## [INSTRUCTIONS FOR THE TASK]
The full listing is to be returned exactly as given, but without pictures.

## [AVAILABLE DATA]
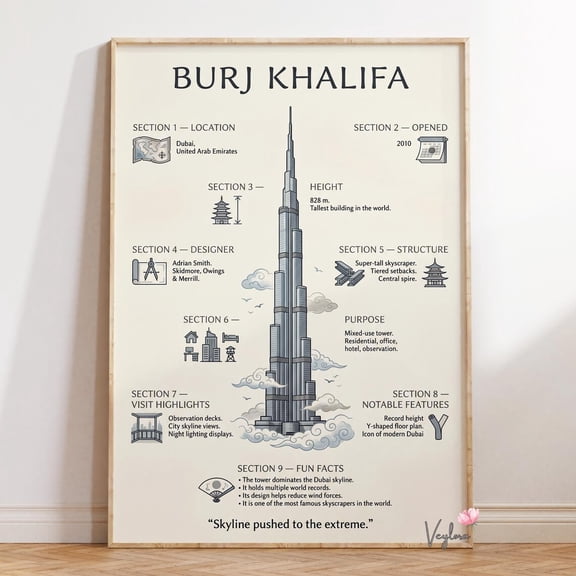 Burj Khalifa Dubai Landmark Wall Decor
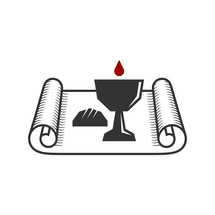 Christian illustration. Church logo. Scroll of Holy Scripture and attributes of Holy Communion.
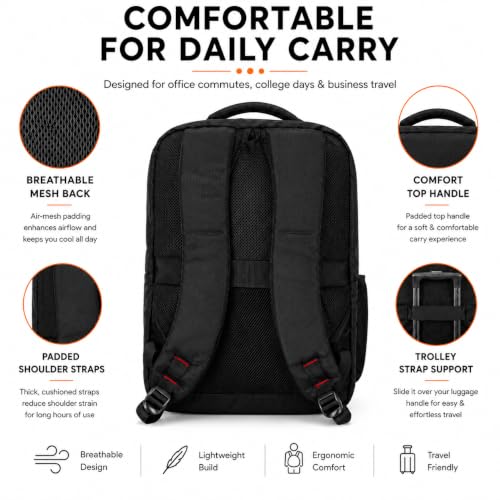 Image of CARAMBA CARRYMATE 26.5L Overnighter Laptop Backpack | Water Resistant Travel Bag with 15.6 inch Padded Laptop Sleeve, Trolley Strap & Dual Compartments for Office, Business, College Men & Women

## [ANSWER TO THIS PROBLEM]
 Burj Khalifa Dubai Landmark Wall Decor
 Christian illustration. Church logo. Scroll of Holy Scripture and attributes of Holy Communion.
 Image of CARAMBA CARRYMATE 26.5L Overnighter Laptop Backpack | Water Resistant Travel Bag with 15.6 inch Padded Laptop Sleeve, Trolley Strap & Dual Compartments for Office, Business, College Men & Women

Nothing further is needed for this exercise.